■ SUPPLIED RECORDS ■
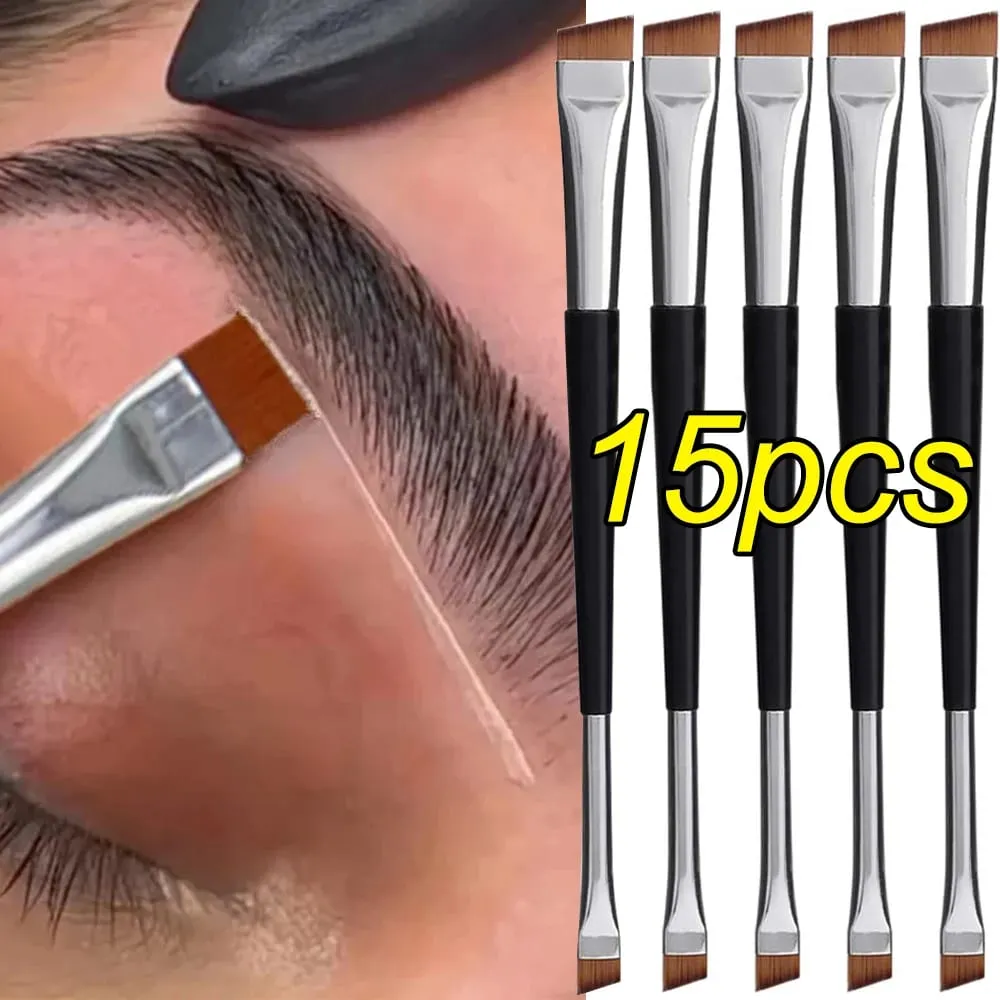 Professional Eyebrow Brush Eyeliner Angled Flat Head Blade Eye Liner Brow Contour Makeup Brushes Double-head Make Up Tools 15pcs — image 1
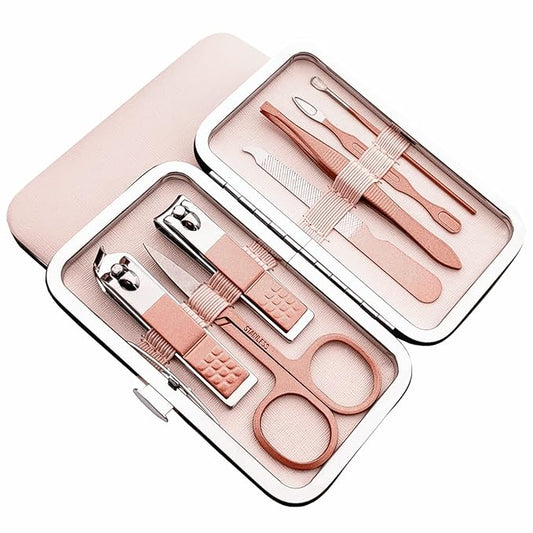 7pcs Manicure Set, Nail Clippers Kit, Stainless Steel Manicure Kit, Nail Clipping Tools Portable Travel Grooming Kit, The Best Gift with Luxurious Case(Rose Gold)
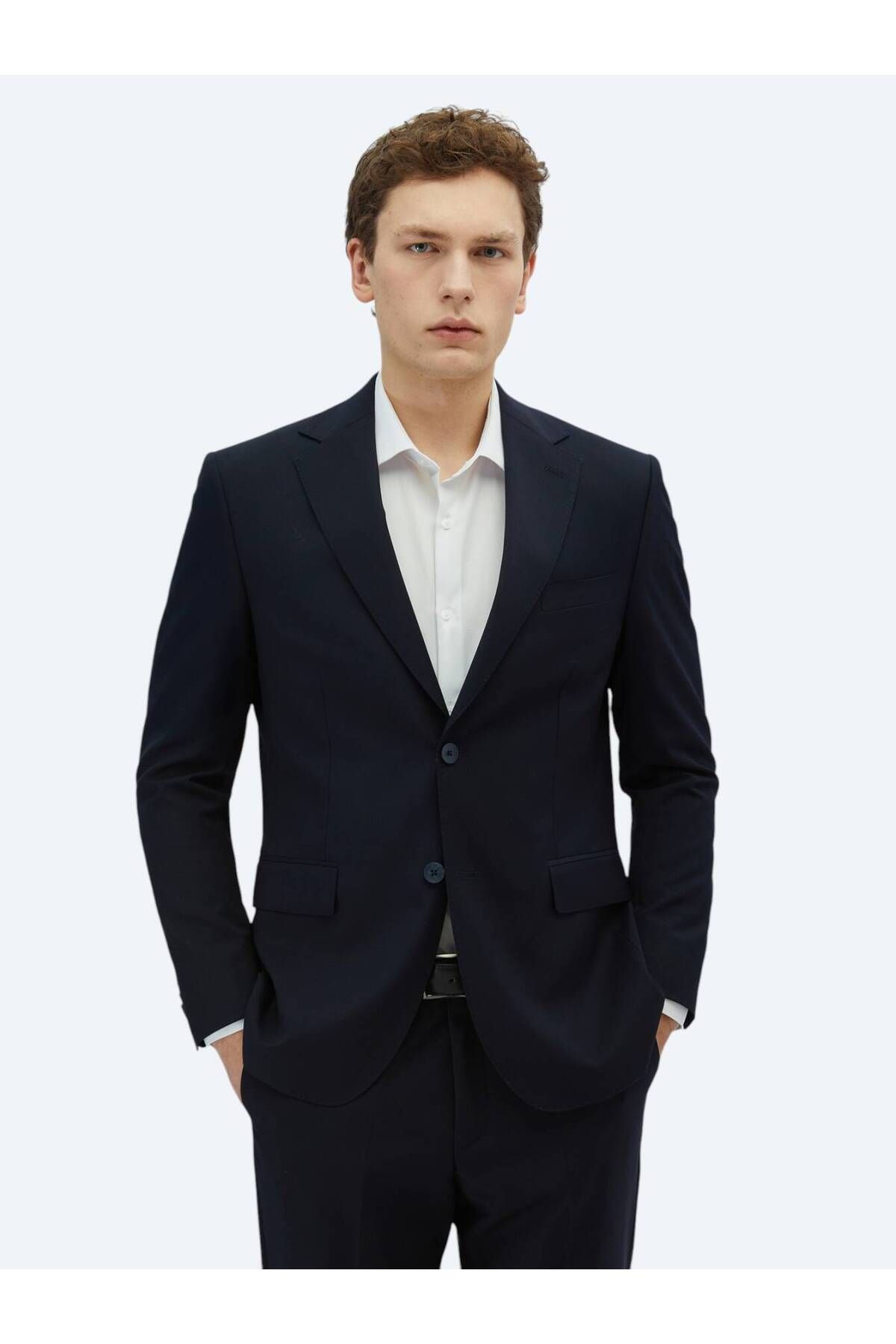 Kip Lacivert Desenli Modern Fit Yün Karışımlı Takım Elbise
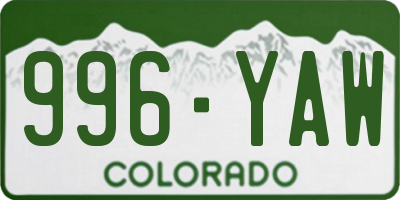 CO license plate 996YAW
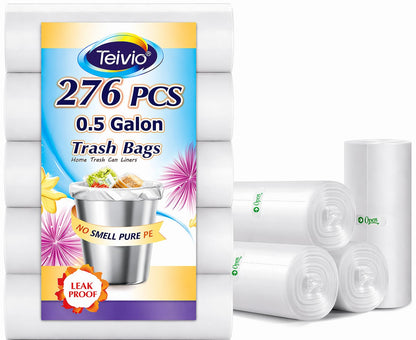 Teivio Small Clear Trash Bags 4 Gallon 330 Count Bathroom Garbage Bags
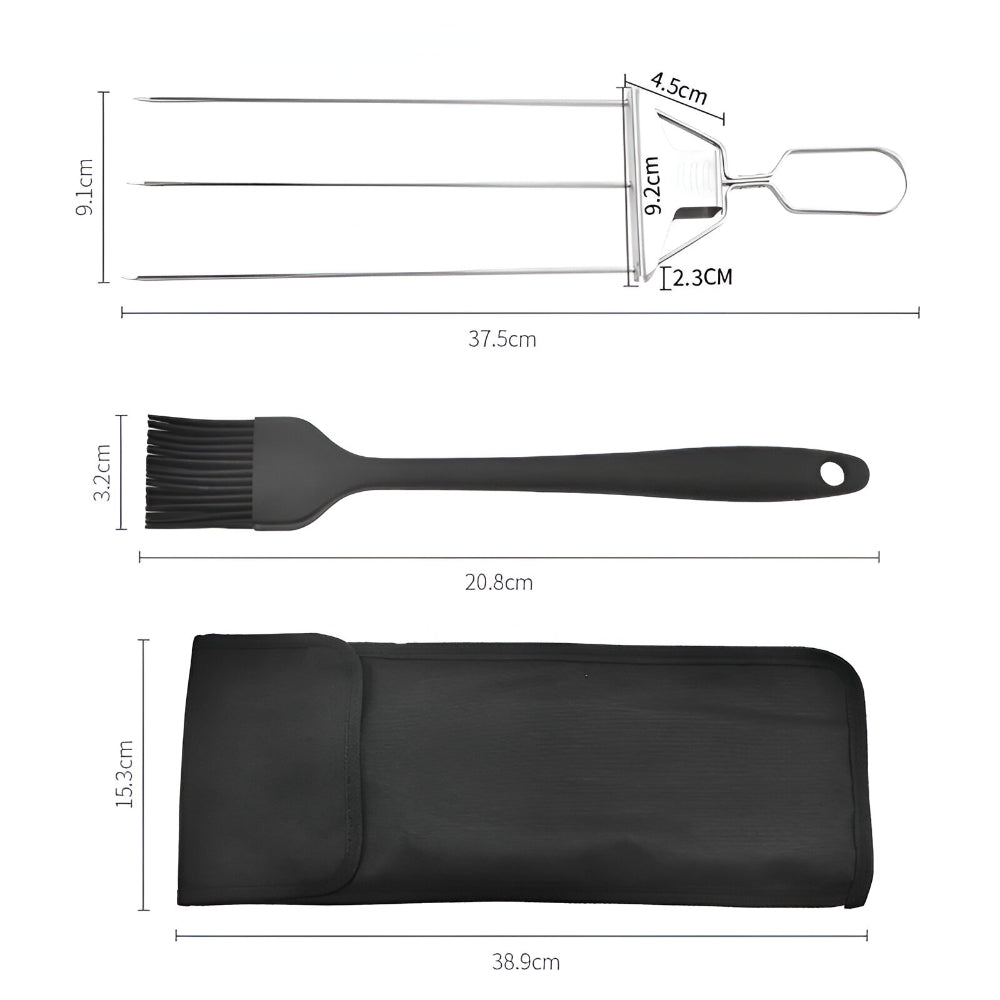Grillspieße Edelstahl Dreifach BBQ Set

...

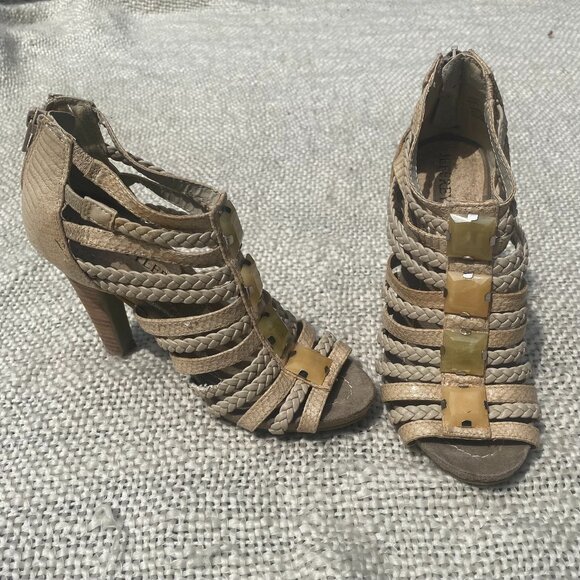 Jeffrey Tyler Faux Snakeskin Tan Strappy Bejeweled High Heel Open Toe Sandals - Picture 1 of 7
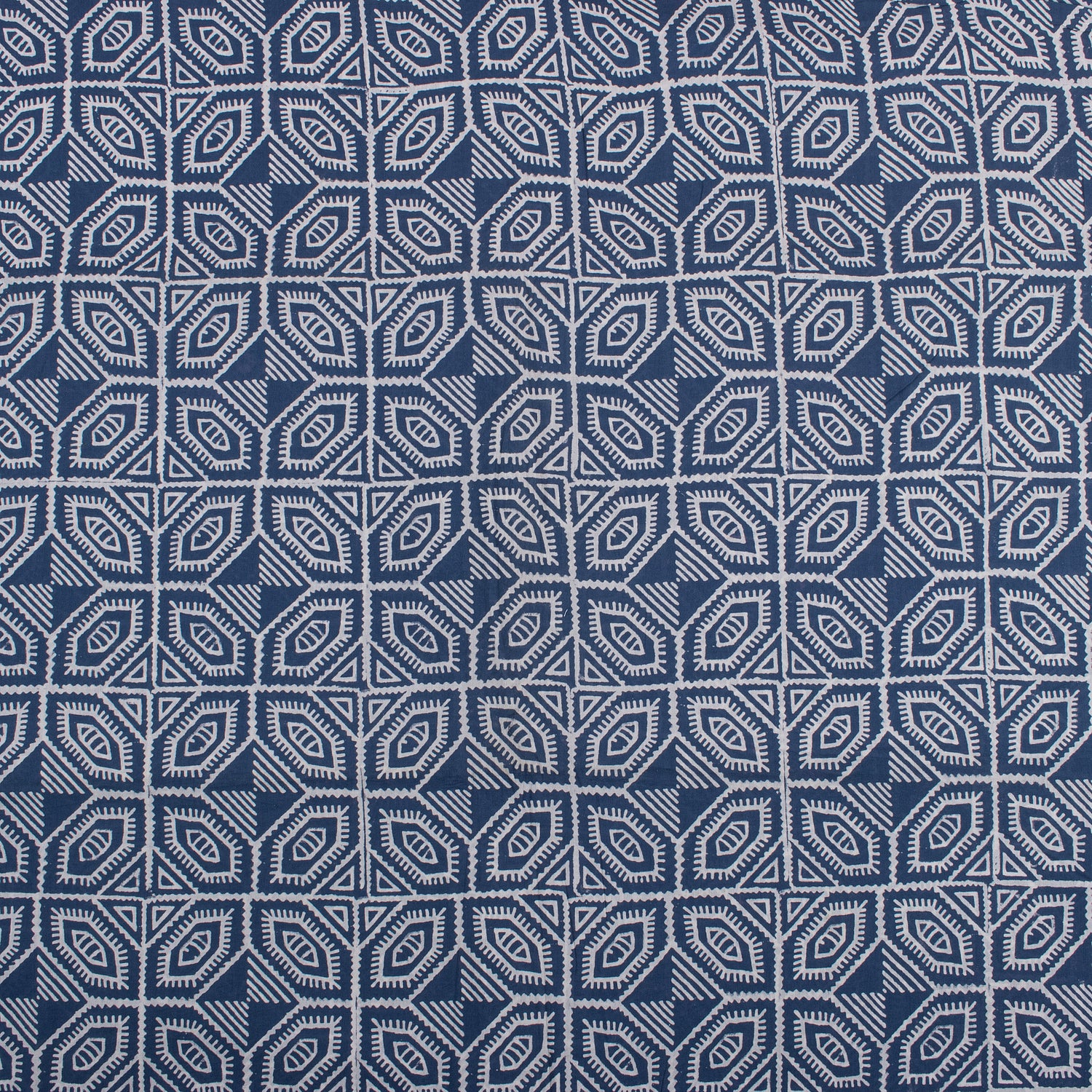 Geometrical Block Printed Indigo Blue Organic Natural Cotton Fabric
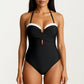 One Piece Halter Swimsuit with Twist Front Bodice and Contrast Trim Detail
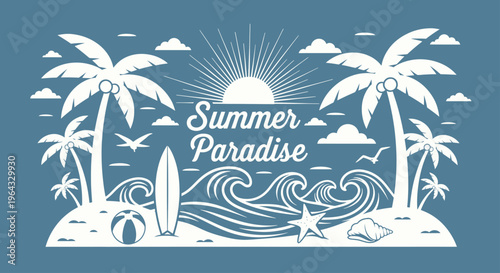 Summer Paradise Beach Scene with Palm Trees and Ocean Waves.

* * *

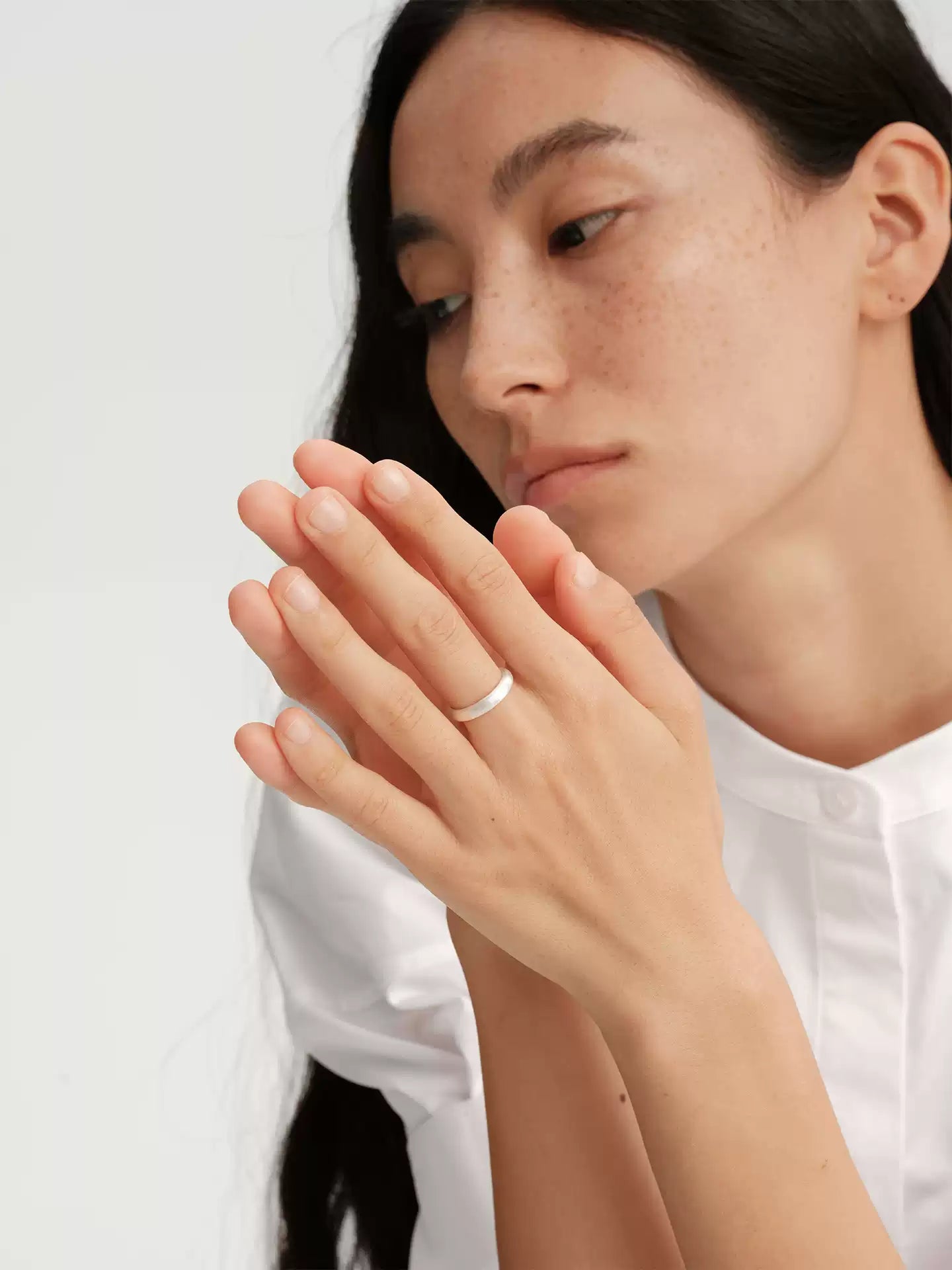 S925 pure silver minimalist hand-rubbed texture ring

■ THE TASK ■
Going by the data above, give back only the lines from the one containing "Kip Lacivert Desenli" through the one containing "Grillspieße Edelstahl Dreifach BBQ Set", exactly as they stand, both ends included and no images.

■ RESULT ■
 Kip Lacivert Desenli Modern Fit Yün Karışımlı Takım Elbise
 CO license plate 996YAW
 Teivio Small Clear Trash Bags 4 Gallon 330 Count Bathroom Garbage Bags
Grillspieße Edelstahl Dreifach BBQ Set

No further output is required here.